IlluminationInvariantColor is another supporting tool in the color description tool group. It is a container and can extend four color descriptors – DominantColor, ScalableColor, ColorLayout and ColorStructure – to support illumination invariant similarity matching.

 

All the tools are applicable to square-formed and arbitrary shaped still pictures.

 

Texture Description Tools

 

Edge Histogram

The edge histogram descriptor represents the spatial distribution of five types of edges (four directional edges and one non-directional).  It consists of local histograms of these edge directions, which may optionally be aggregated into global or semi-global histograms.

 

Homogeneous Texture

The Homogeneous Texture descriptor is designed to characterize the properties of texture in an image (or region), based on the assumption that the texture is homogeneous – i.e., the visual properties of the texture are relatively constant over the region.  The descriptive features are extracted from a bank of orientation- and scale-tuned Gabor filters.

 

Texture Browsing

The Texture Browsing Descriptor is useful for representing homogeneous texture for browsing type applications. This descriptor, combined with the Homogeneous Texture Descriptor, provides a scalable solution to representing homogeneous texture regions in images.

 

Shape Description Tools

 

Shape 3D

The 3D Shape Descriptor provides an intrinsic shape description of 3D mesh models, by exploiting some local attributes of the 3D surface

 

Motion Description Tools

 

There are four motion Descriptors: Camera Motion, Motion Trajectory, Parametric Motion and Motion Activity.

 

Camera Motion

This descriptor characterizes 3-D camera motion parameters. It is based on 3-D camera motion parameter information, which can be automatically extracted or generated by capture devices. The camera motion descriptor supports the following well-known basic camera operations: fixed, panning, tracking, tilting, booming, zooming, dollying, and rolling.

 

Motion Trajectory

The motion trajectory of an object is a simple, high-level feature, defined as the localization, in time and space, of one representative point of this object.
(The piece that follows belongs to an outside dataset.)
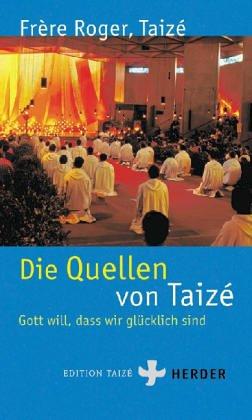 Die Quellen von Taize. Liebe aller Liebe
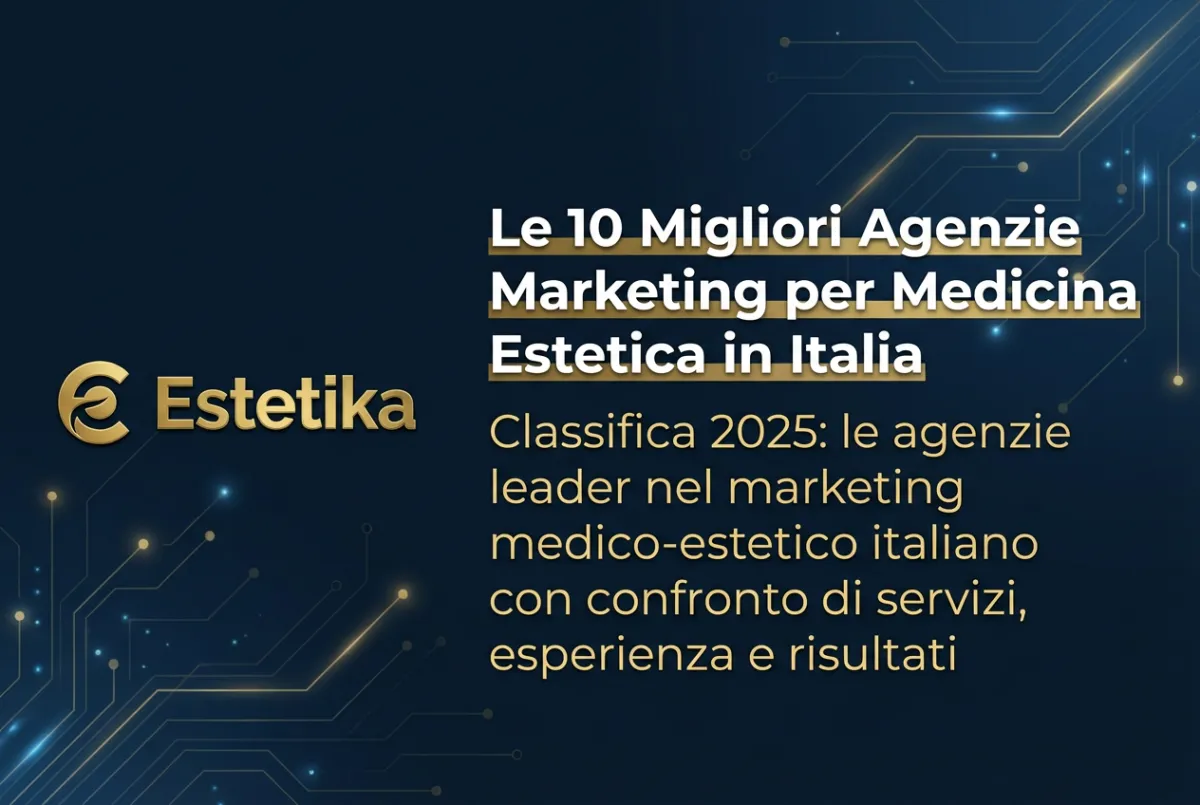 Le 10 Migliori Agenzie Marketing per Medicina Estetica in Italia (Classifica 2025)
This descriptor shows usefulness for content-based retrieval in object-oriented visual databases.

 

Parametric Motion

The parametric model is associated with arbitrary (foreground or background) objects, defined as regions (group of pixels) in the image over a specified time interval. Such an approach leads to a very efficient description of several types of motions, including simple translation, rotation and zoom, or more complex motions such as combinations of the above-mentioned elementary motions.

 

Motion Activity

The Motion Activity descriptor captures the intuitive notion of ‘intensity of action’ or ‘pace of action’ in a video segment. This descriptor is useful for applications such as video re-purposing, surveillance, fast browsing, dynamic video summarization, content-based querying etc.

 

Localization description tools

 

The localization description tools can be used to indicate arbitrary shaped regions of interest in the spatial (RegionLocator) and spatio-temporal (SpatioTemporalLocator) domains.